The UK Civil Aviation Authority (CAA) has published its fourth annual report on the disability access of the UK’s largest airports, spanning a 12-month reporting period of 1 April 2018 – 31 March 2019. The accessibility framework is a world-first and is driving improvements in performance to help improve accessibility across UK airports.
In total, there were a record number of 3.7 million requests for assistance at UK airports in the latest year – a rise of over 80 per cent since 2010. The Civil Aviation Authority’s accessibility report reveals that 14 airports have been rated ‘very good’. A further 16 airports were rated ‘good’.
The Civil Aviation Authority’s accessibility report reveals that 14 airports have been rated ‘very good’: Aberdeen, Belfast City, City of Derry, Cornwall Newquay, Doncaster Sheffield, Edinburgh, Exeter, Glasgow, Glasgow Prestwick, Humberside, Kirkwall, Norwich, Southampton, Sumburgh.
A further 16 airports were rated ‘good’: Belfast International, Birmingham, Bournemouth, Bristol, Cardiff, East Midlands, Inverness, Leeds Bradford, Liverpool, London City, London Gatwick, London Heathrow, London Luton, London Southend, London Stansted, Newcastle.
Four airports that were classified as ‘very good’ last year received ‘good’ ratings this year, while Manchester Airport was classified as ‘needing improvement’ – although this was an improved rating from ‘poor’ in the previous two years.

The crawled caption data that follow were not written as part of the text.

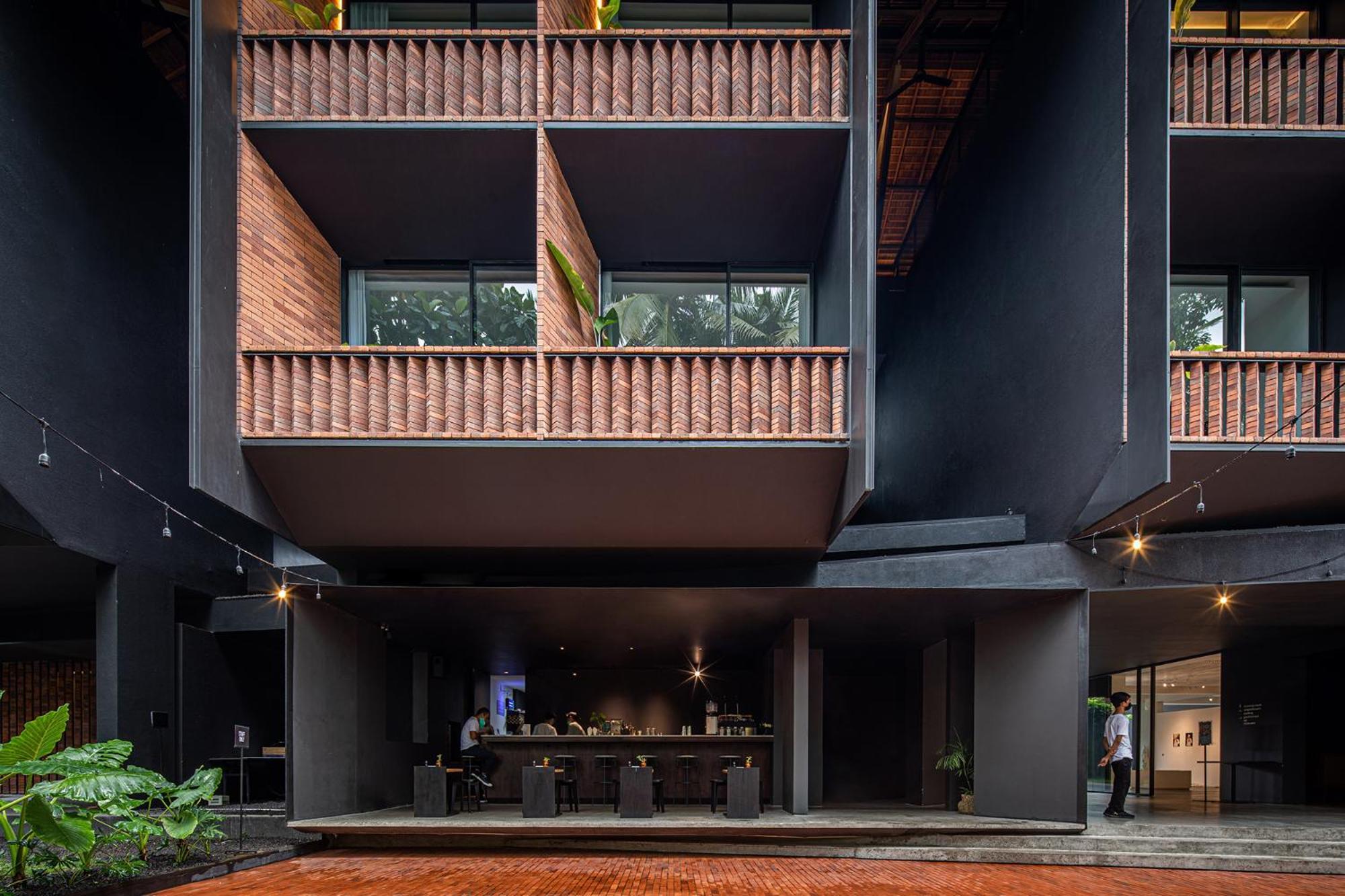 Titik Dua Otel Ubud Dış mekan fotoğraf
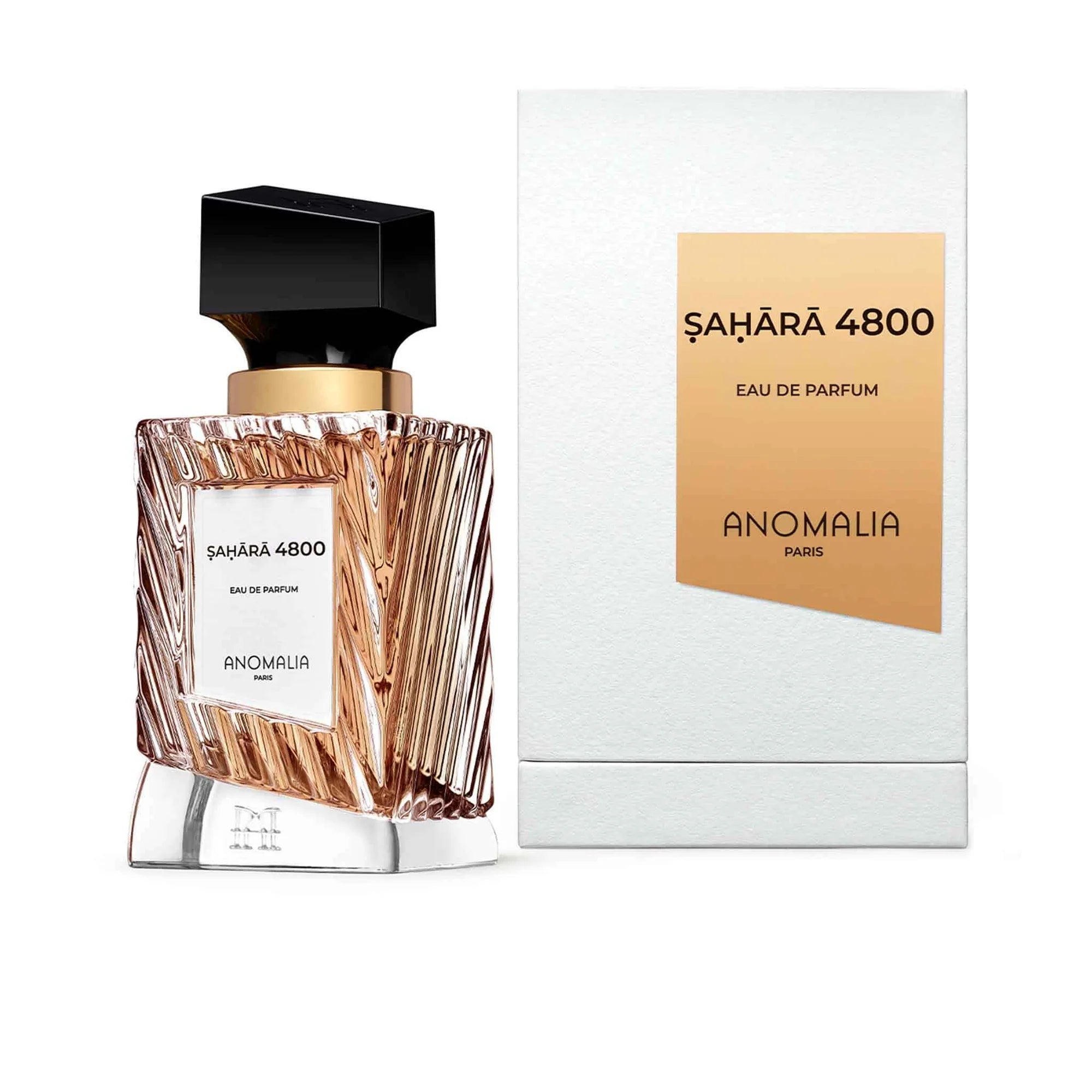 ANOMALIA PARIS - SAHARA 4800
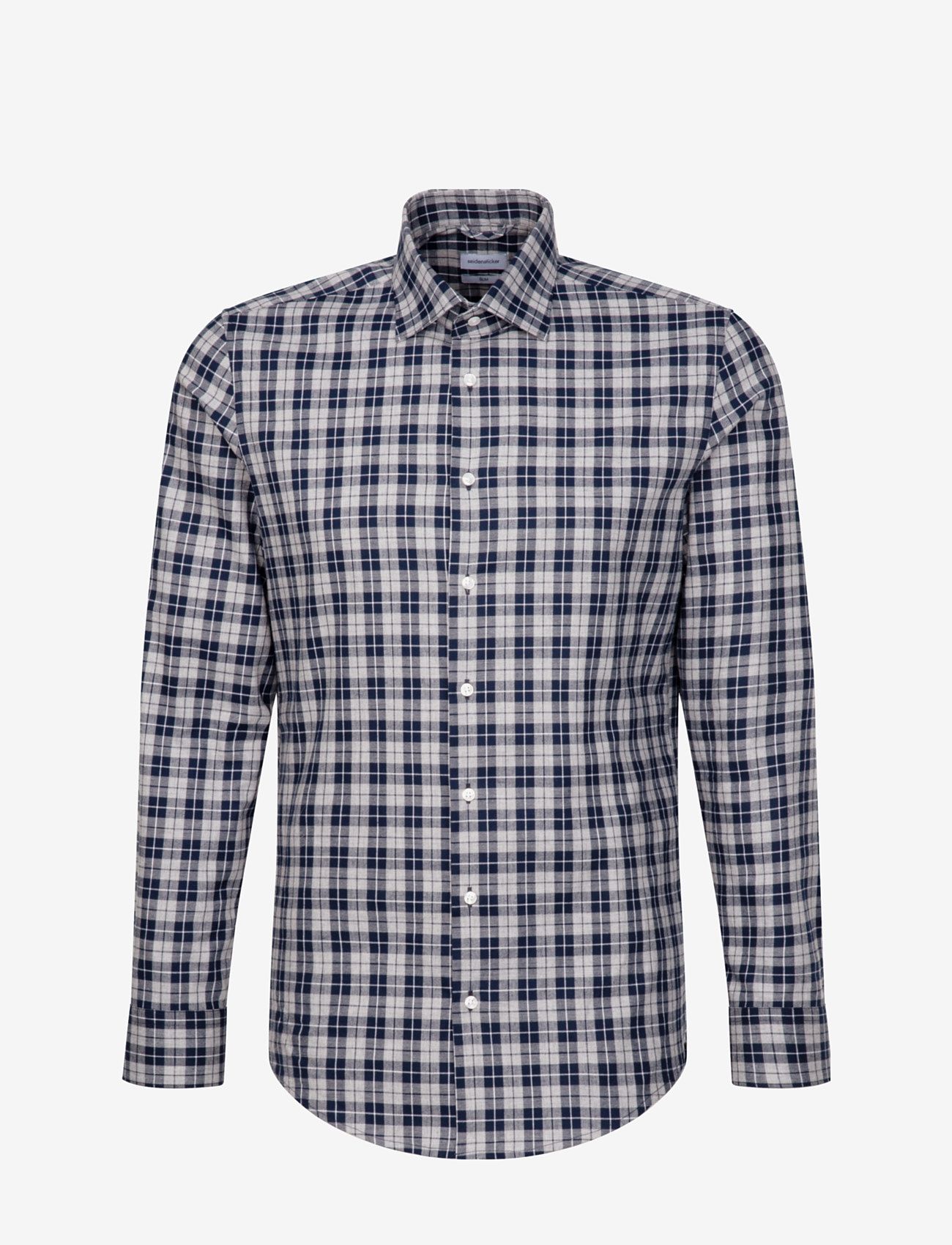 Seidensticker - New Kent - light grey - 0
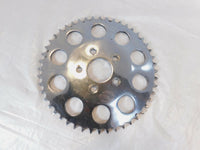 Harley Davidson Ironhead Sportster 1000 48T 48 Tooth Chrome Rear Wheel Sprocket - C3 Cycle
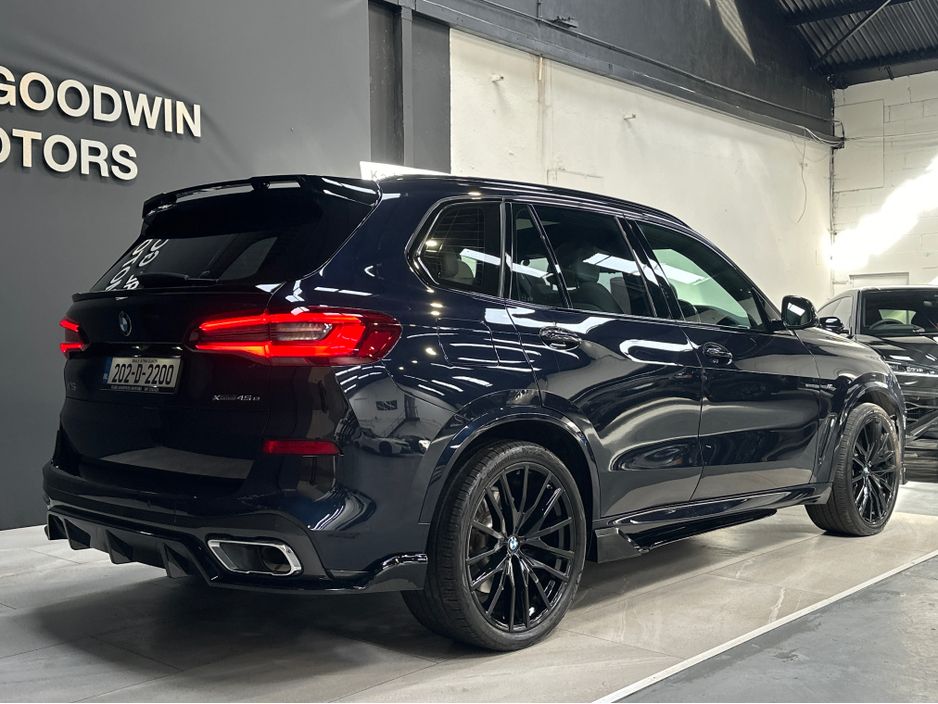 2020 BMW X5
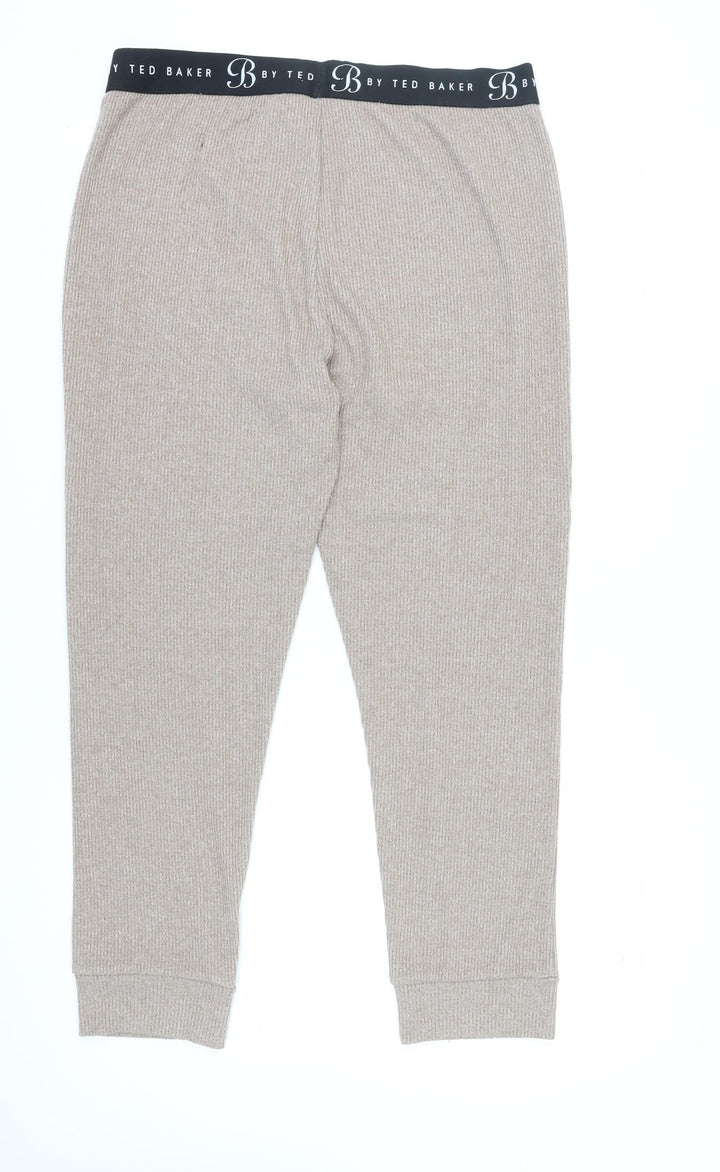Ted Baker Women's Beige Lounge Pants Size 18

However, the Civil Aviation Authority expects Manchester Airport to take immediate action to reverse a recent decline in performance since the end of this reporting year in time for the next accessibility reviews. We have received assurances from the airport that it has plans in place to address this issue and we will be closely monitoring the implementation of these plans and their impact on performance.
For the first time since the framework’s introduction in 2016, no airports were classified as ‘poor’.
The report highlights room for improvement, with research showing that nearly a quarter of disabled and less mobile passengers said they requested assistance because the airport environment was becoming more difficult to navigate.
To achieve a ‘very good’ classification, airports most provide high quality support on the day of travel as well as keeping in regular contact and consultation with its users. The Civil Aviation Authority will work closely with airports to improve accessibility for disabled passengers.
As part of this drive for improvements, this will be the last year that the accessibility framework will use the current criteria. Since April this year, airports have been assessed using stricter targets, to improve the passenger experience and create a more seamless journey. Airports will need to further improve in order to retain or improve their classifications going forward.
“Where we see examples of bad practice, we will not hesitate to hold airports to account”
Paul Smith, consumers and markets director at the UK Civil Aviation Authority, said: “These results show significant improvements to the experience many disabled passengers faced before our reporting began. We hope this will help passengers to feel confident and empowered to travel from UK airports.
“While it is good to see the general improvements, airports will need to continue to work hard to improve, so that they are able to meet the more demanding performance standards that we have now introduced. Where we see examples of bad practice, we will not hesitate to hold airports to account and take the necessary action.”